By March 2014, the ban was extended to 61 more areas, the Ex reported at the time, with "10 places in the Sunset, 13 in the Mission, three in the Haight and Panhandle, 12 in the Potrero Hill area, three in Bernal Heights, one in the Western Addition, seven in the Excelsior and Outer Mission, four in the Richmond and eight in the southeastern part of The City." (You can see all the SFMTA's details and documents on the ban here.)
“Forgive me if I come across as a little incompassionate about it,” Supervisor Malia Cohen said at the time of the initial ban, but “I am tired of my neighborhood being the dump.” The expanded ban also got Cohen's support, as well as that of Chu successor Katy Tang and current Board president London Breed.
But now we're in the era of Division Street's Tent City, a city-wide report card that ranked homelessness as SF's top issue, and a Supe-declared shelter bed emergency. Is this a climate in which some of these Supes will change their tune, and welcome people who live in RVs back to their neighborhoods?
That's apparently what Sam Dodge, SF's so-called "homeless czar," is hoping.
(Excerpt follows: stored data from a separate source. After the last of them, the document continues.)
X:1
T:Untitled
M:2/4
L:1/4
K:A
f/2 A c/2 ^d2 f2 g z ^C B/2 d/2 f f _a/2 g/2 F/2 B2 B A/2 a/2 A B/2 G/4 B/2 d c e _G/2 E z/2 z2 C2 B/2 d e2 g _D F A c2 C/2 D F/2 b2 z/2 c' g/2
According to the SF Chronicle, Dodge is "interested in working with a neighborhood to set up a place where RVs now parked on streets can hook up to electricity and water," essentially creating a space for those who are currently moving their vehicles from place to place to avoid SFMTA ire.
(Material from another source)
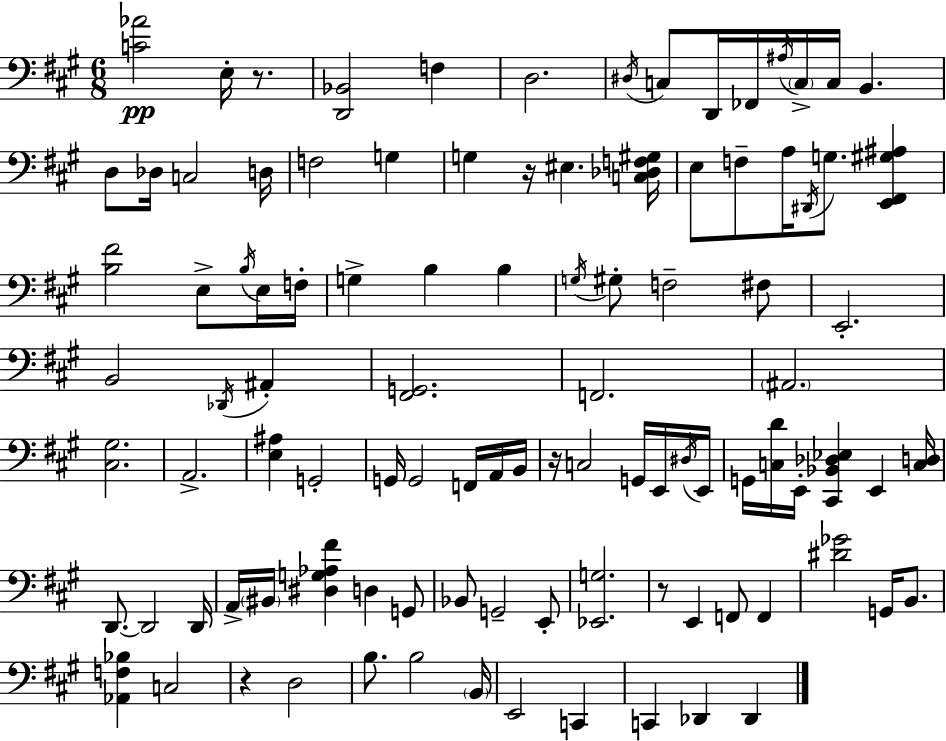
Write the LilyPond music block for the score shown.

"An RV park would be another kind of step," Dodge told the Chron, saying that it's already known that there are “people living in RVs on city streets.”
While this might please advocates for the homeless like Nick Kimura, a volunteer at the Coalition on Homelessness who told the Ex in 2014 that the bans were "displacement, it’s not effectively getting to the root of the problem...And the problem is people are living in vehicles, and they’re being criminalized for it," Dodge's move is sure to catch heat from Supes like Cohen, who described overnight RV bans as something that's "increased people’s quality of life."
According to Cohen, speaking in 2014, "The folks who are vehicularly housed are a very small percentage. So small that we’re able to solve their concerns on a case-by-case basis."
But now we're in 2016, and it's clear that we haven't solved much, case-by-case or not. So is an RV park a (partial) solution? And where would it go?